– Bien, los hechos concretos -lo apremió el Dr. Dn. Barreda y Zaldívar--. Puntualíceme, sin regodeos morbosos ni jeremiadas cómo fue que la violó.
Pero el Testigo ya había prorrumpido en sollozos, cubriéndose la cara con las manos. El magistrado no se inmutó. Estaba habituado a las bruscas alternancias ciclotímicas de los acusados y sabía aprovecharlas para la averiguación de los hechos. Viendo a Gumercindo Tello así, cabizbajo, su cuerpo agitado, sus manos húmedas de lágrimas, el Dr. Dn. Barreda y Zaldívar se dijo, sobrio orgullo de profesional que comprueba la eficacia de su técnica, que el acusado había llegado a ese climático estado emotivo en el que, inapto ya para disimular, proferiría ansiosa, espontánea, caudalosamente la verdad.

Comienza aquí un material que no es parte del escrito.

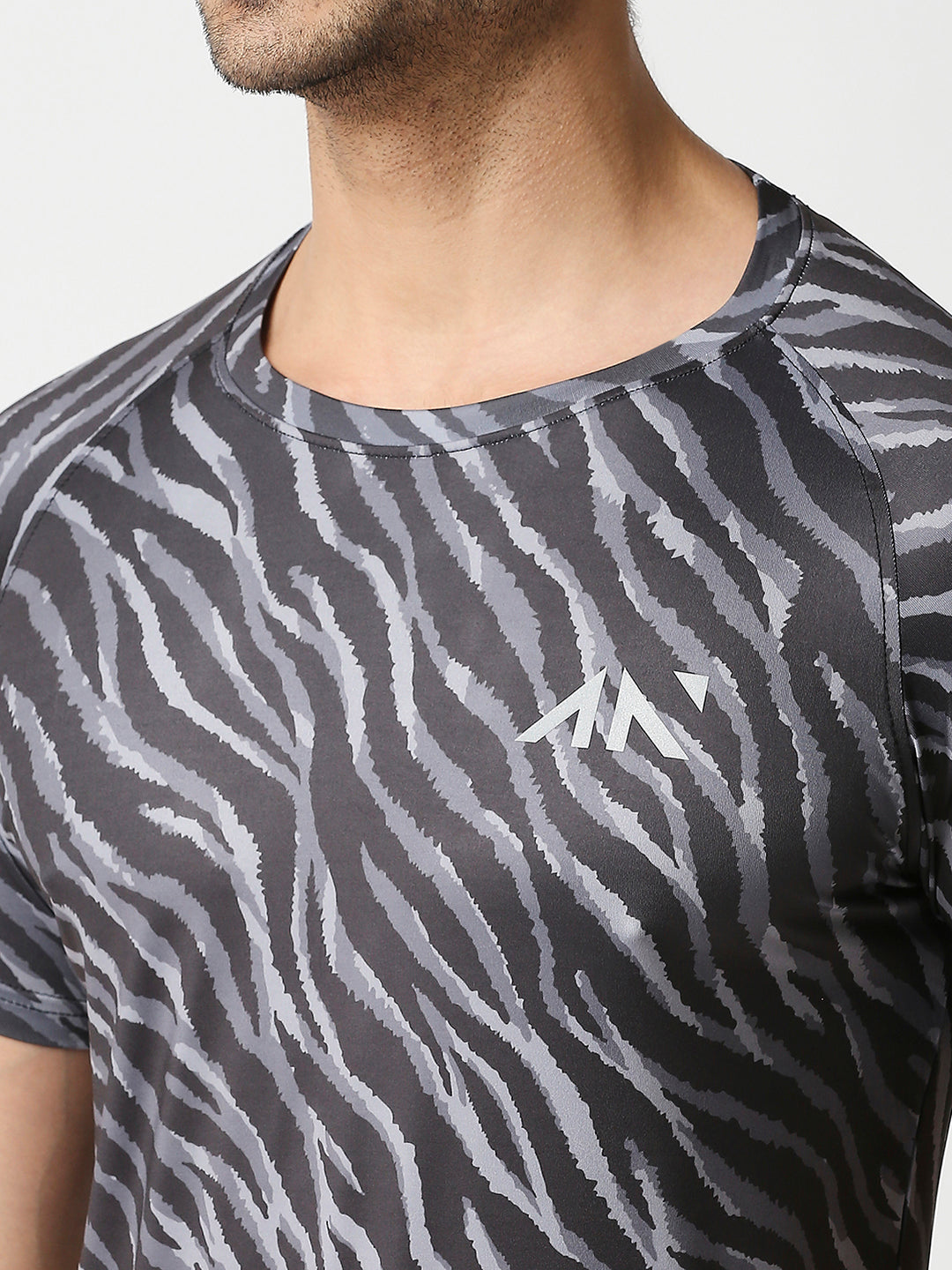 Animal Black printed gym polyester t shirts for men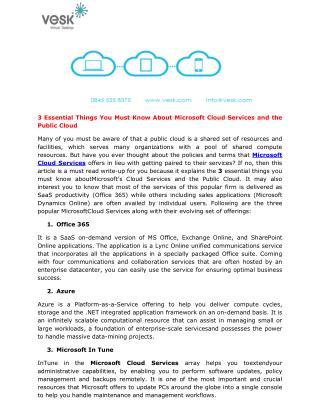 3 Essential Things You Must Know About Microsoft Cloud Services and the Public Cloud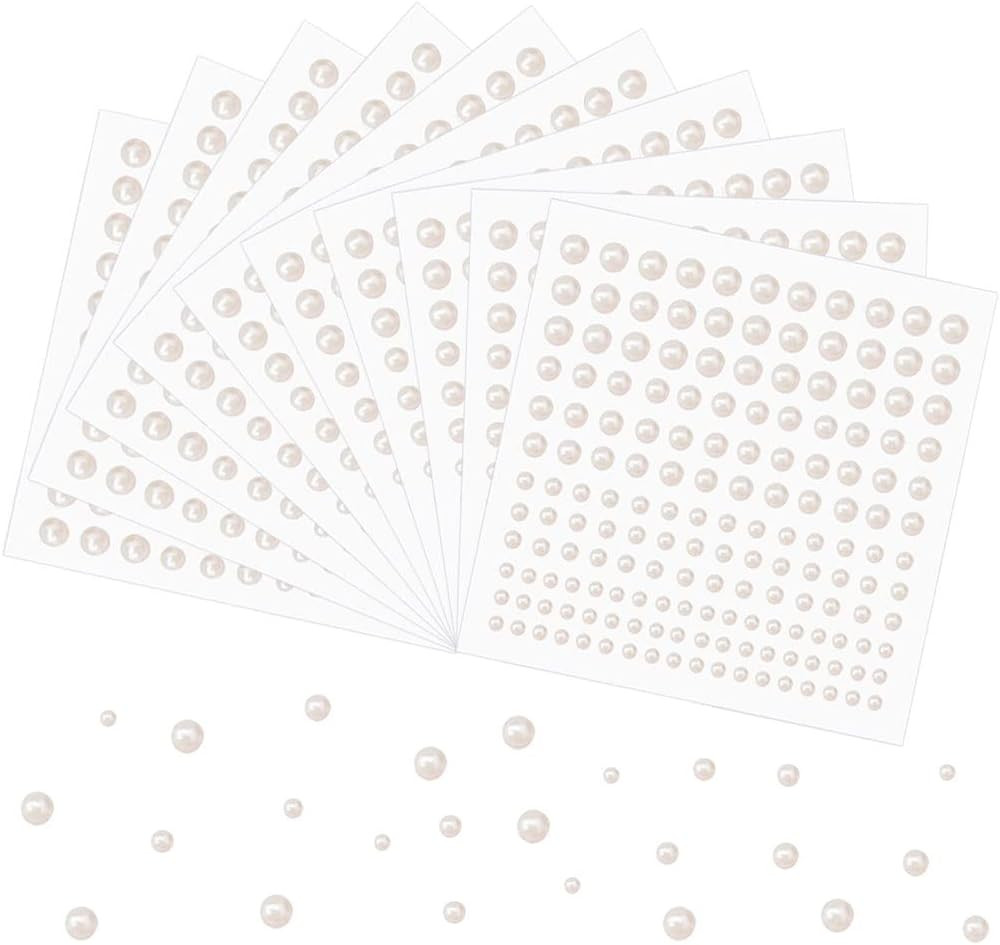 Pearl Stickers for Crafts, 1650 Pcs, 4 Sizes 3-6 mm, White | Amazon (US)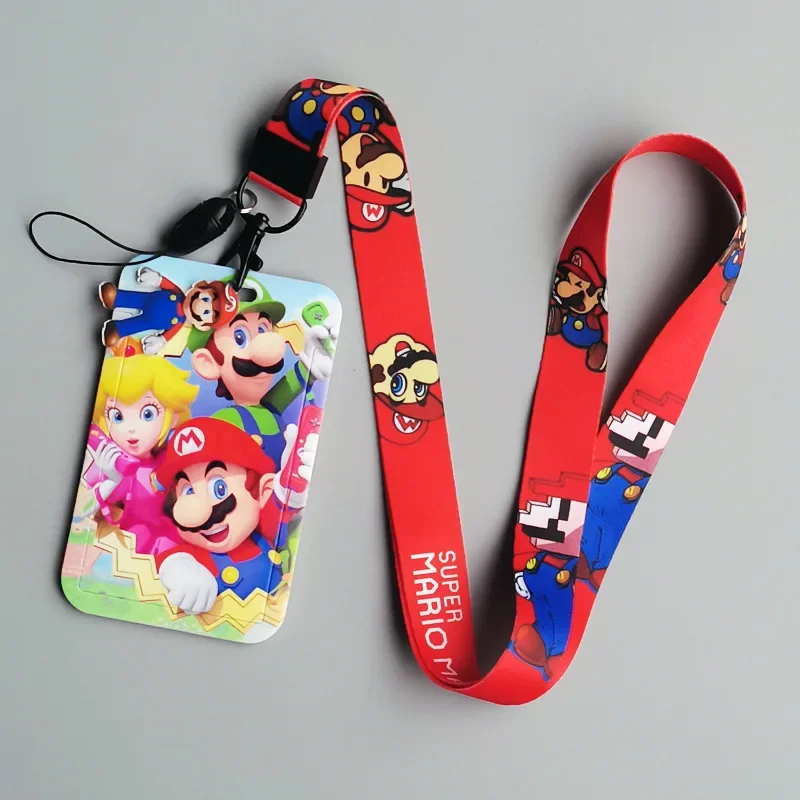 Super Marios Rope Card Holder Boys Girls Cartoon Anime Card Holder Campus Student Meal Access Control Work Lanyard Badge Holder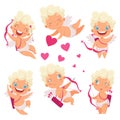 Amur baby angel. Cute funny cupid little god eros greece kids with bow heart hunters romantic vector pictures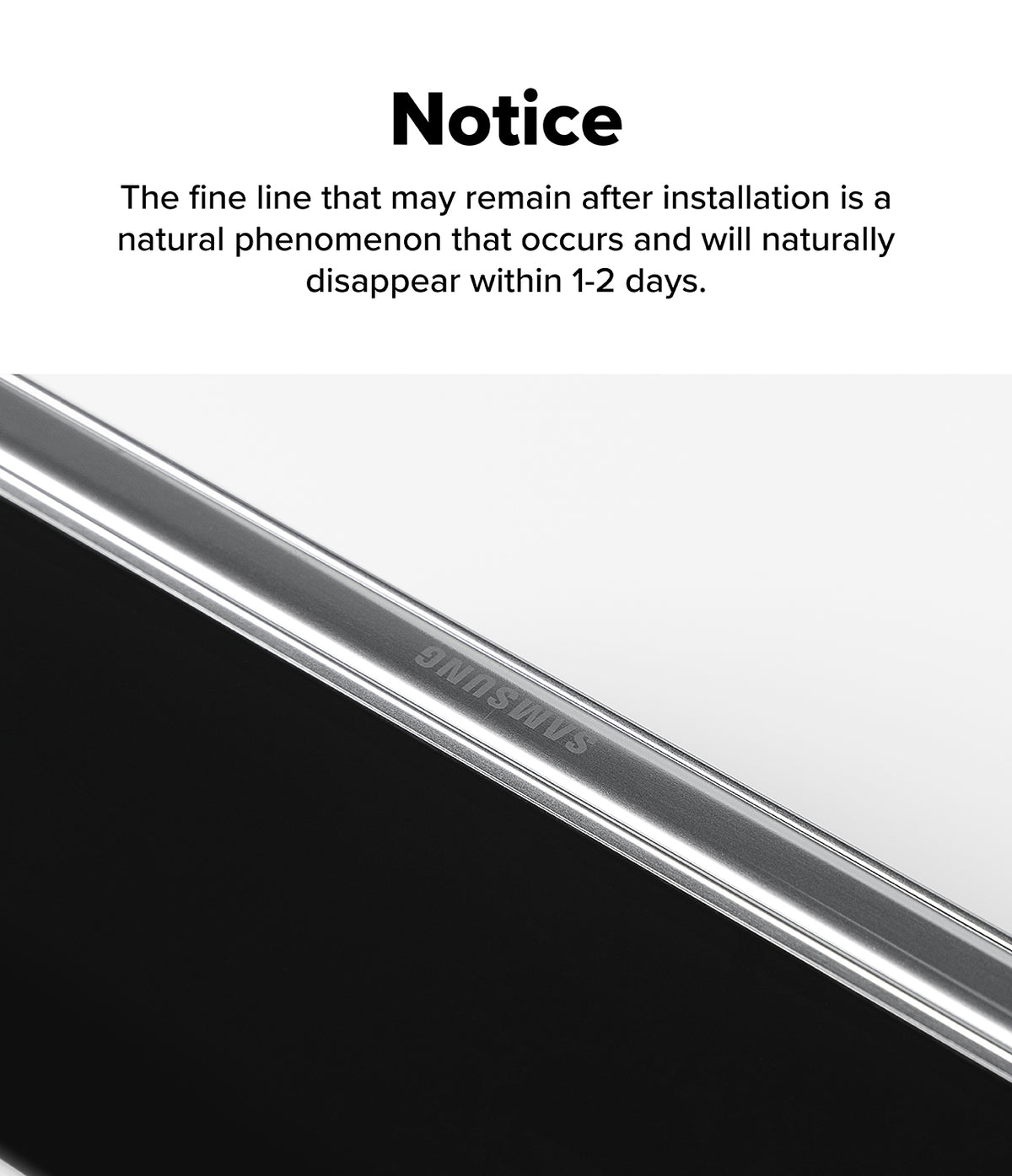 Galaxy Z Fold 7 Screen Protector | Hinge Dual Easy Pro Film (2 Pack) - Text notice about a temporary installation line above a close-up of a phone hinge.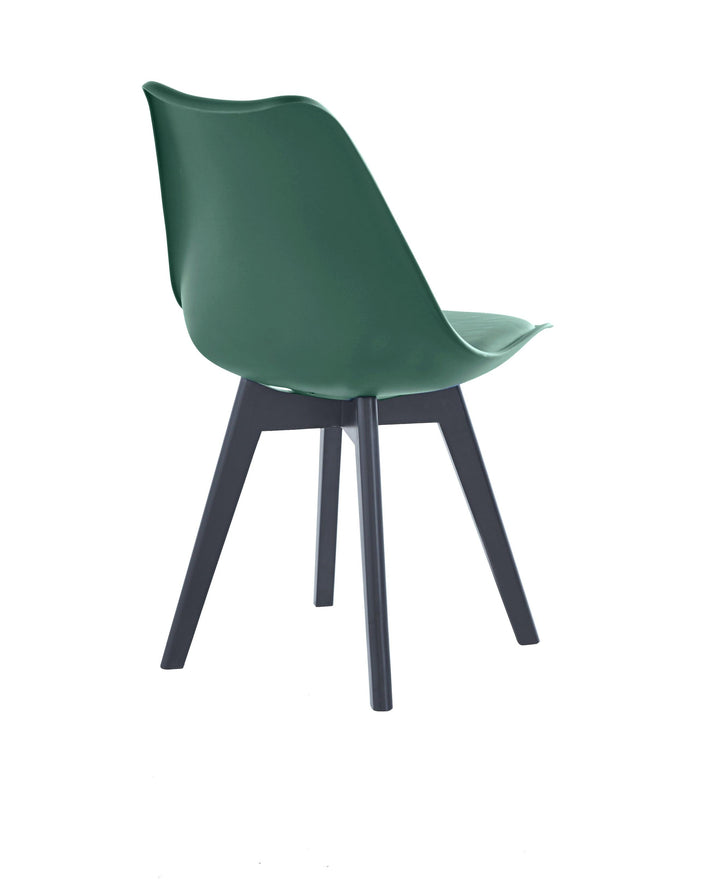 Lot de 4 chaises scandinaves en bois et polypropylène vert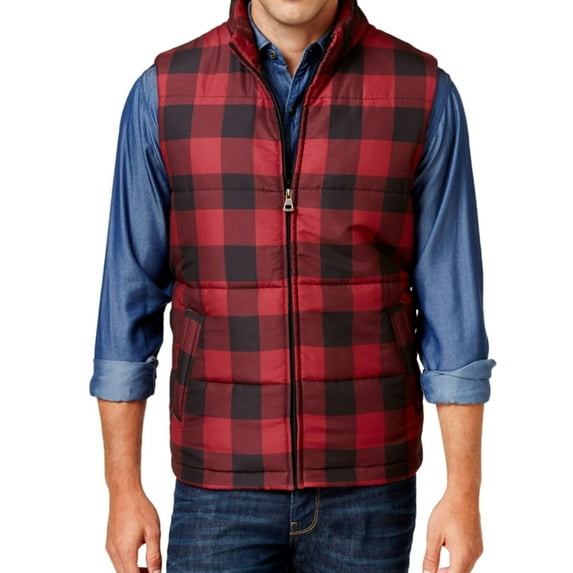 Weatherproof Mens Vintage Plaid Puffer Vest, Red, Small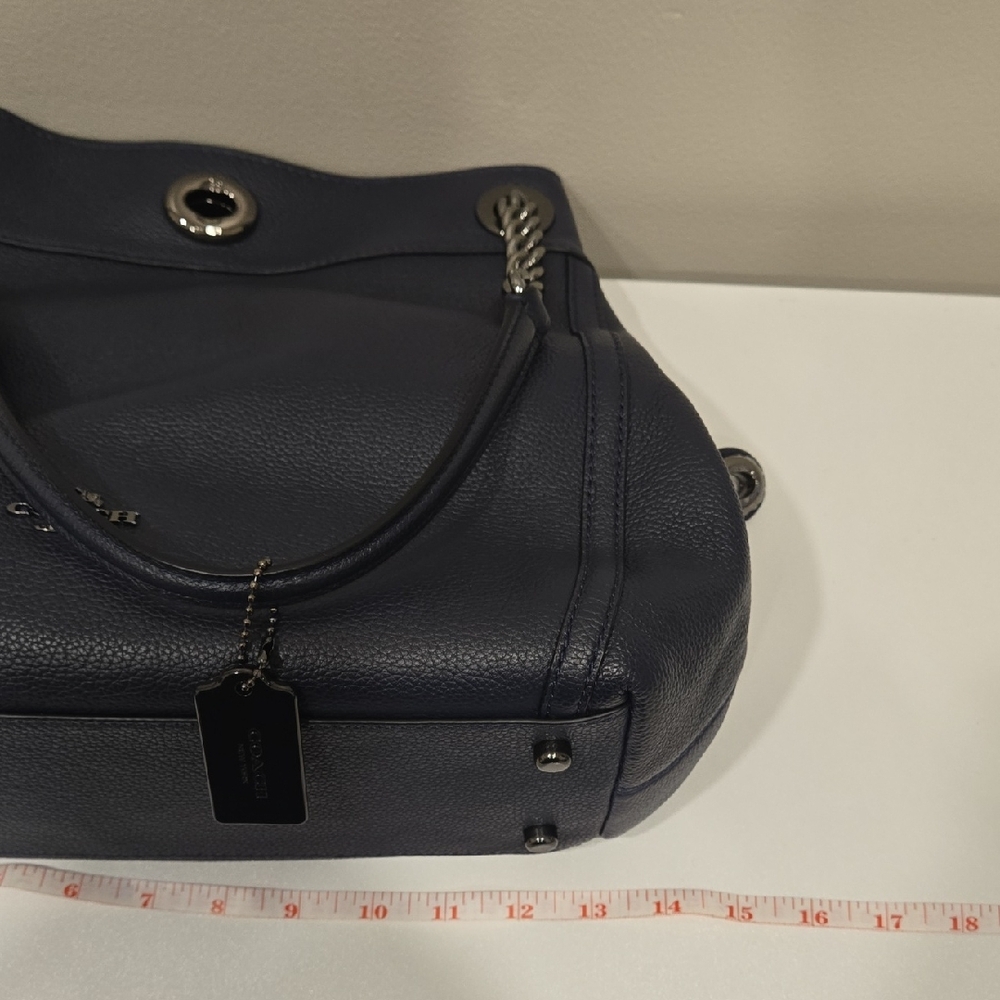 Coach Midnight Blue Leather Shoulder Bag - Picture 15 of 16
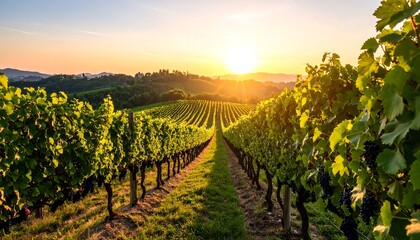 Fototapeta premium Picturesque Vineyard Landscape at Sunset Showcasing Rows of Grape Vines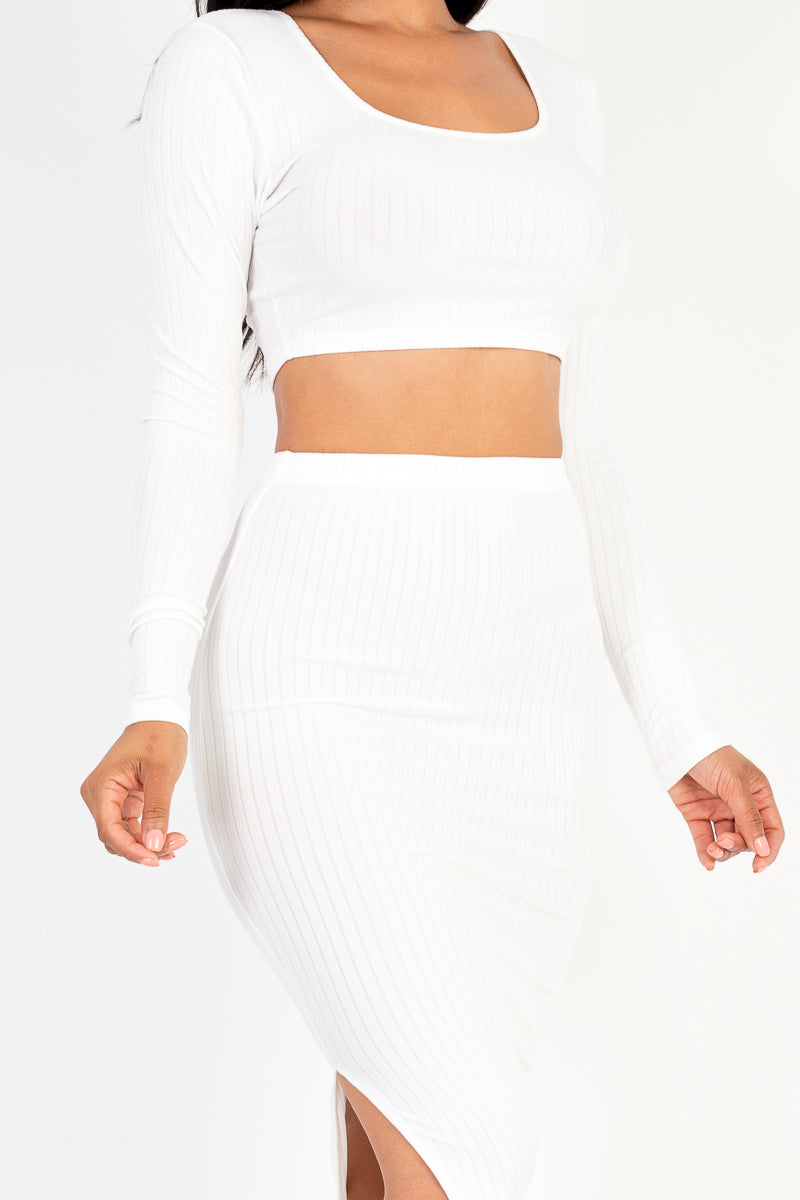 [$4/piece] Ribbed Long Sleeve Crop Top & Skirt Set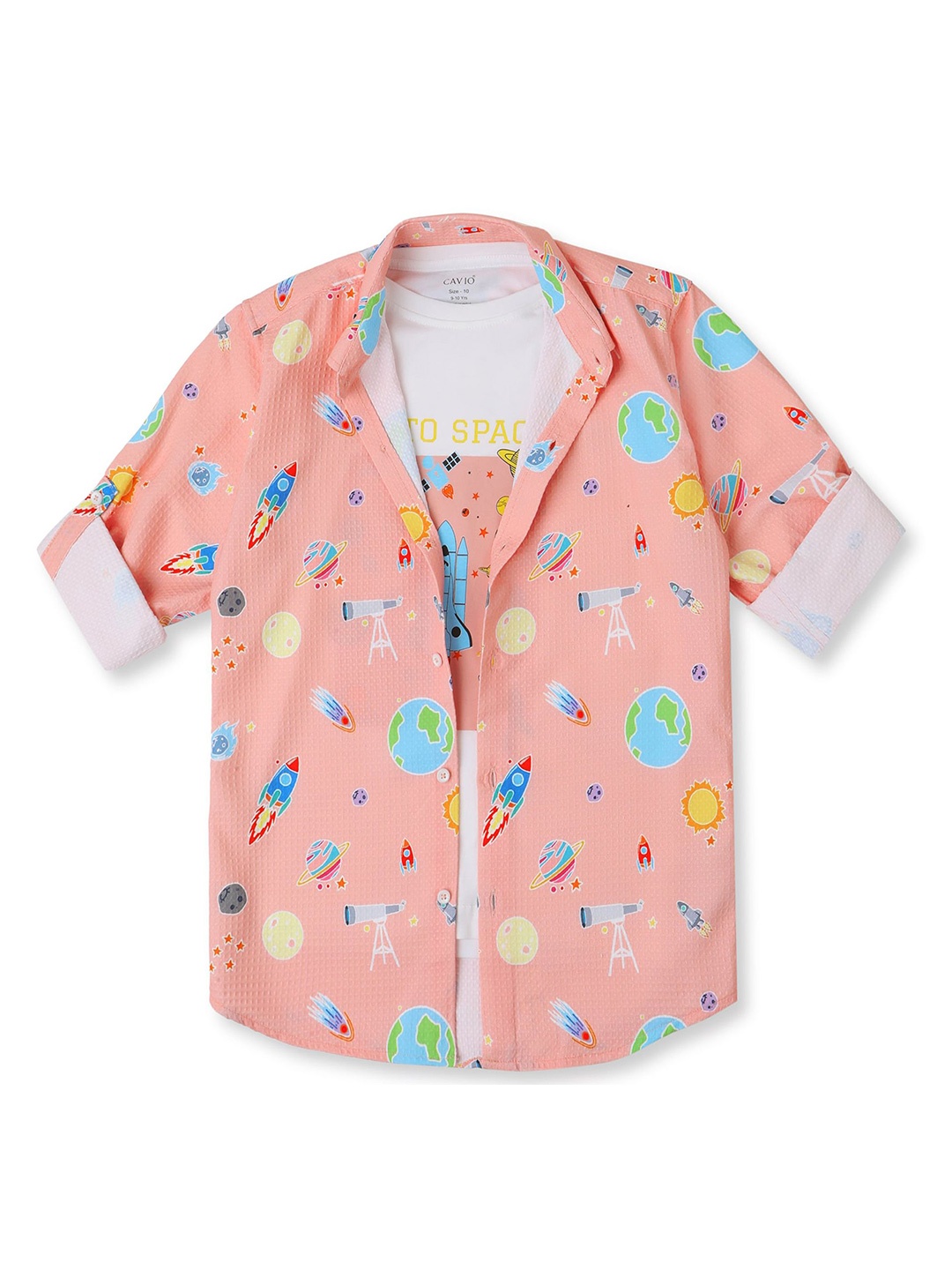

Cavio Boys Spread Collar Conversational Printed Cotton Casual Shirts & T-Shirt, Peach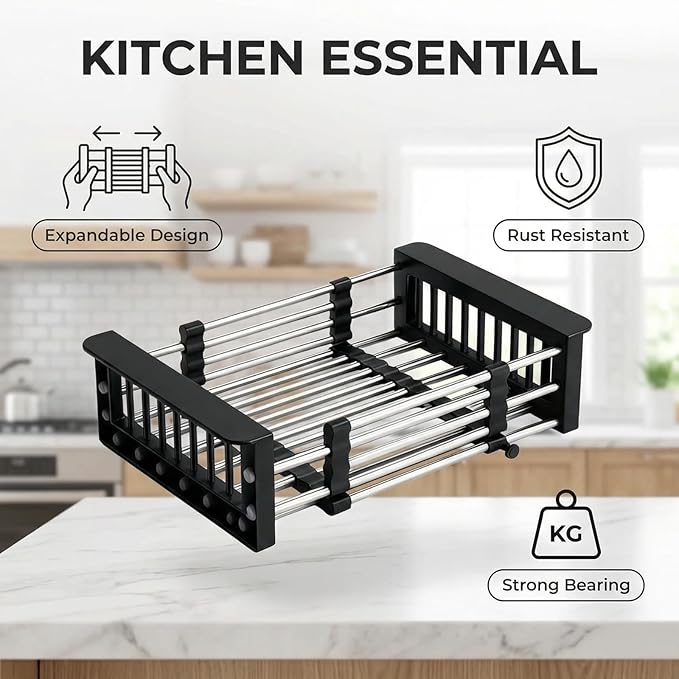 Extend Kitchen Sink Drain Basket, Adjustable Dish Drying Rack with Stainless Steel Drain Basket for Kitchen， Upgraded Retractable Kitchen Sink, (Black, Large)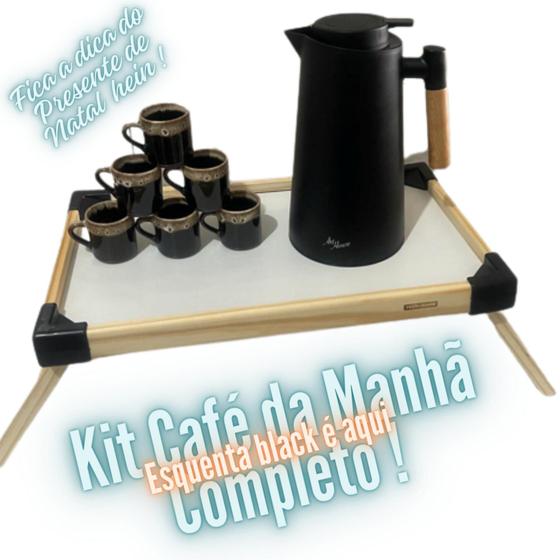 Imagem de Kit Café da Manhã Garrafa Térmica na Bandeja Tramontina com Xícaras Cr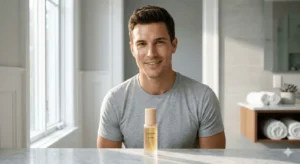 Hudson Williams met een stralende huid en zijn favoriete betaalbare cleanser.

– Datos, datos -insistió-. Hechos, lugares, posiciones, palabras dichas, actos actuados. ¡Vamos, valor!
– Es que no sé mentir, señor juez -balbuceó Gumercindo Tello, entre hipos-. Estoy dispuesto a sufrir lo que sea, insulto, cárcel, deshonor. ¡Pero no puedo mentir! ¡Nunca aprendí, no soy capaz!
– Bien, bien, esa incapacidad lo honra -exclamó, con gesto alentador, el juez-. Demuéstremela. Vamos, ¿cómo fue que la violó?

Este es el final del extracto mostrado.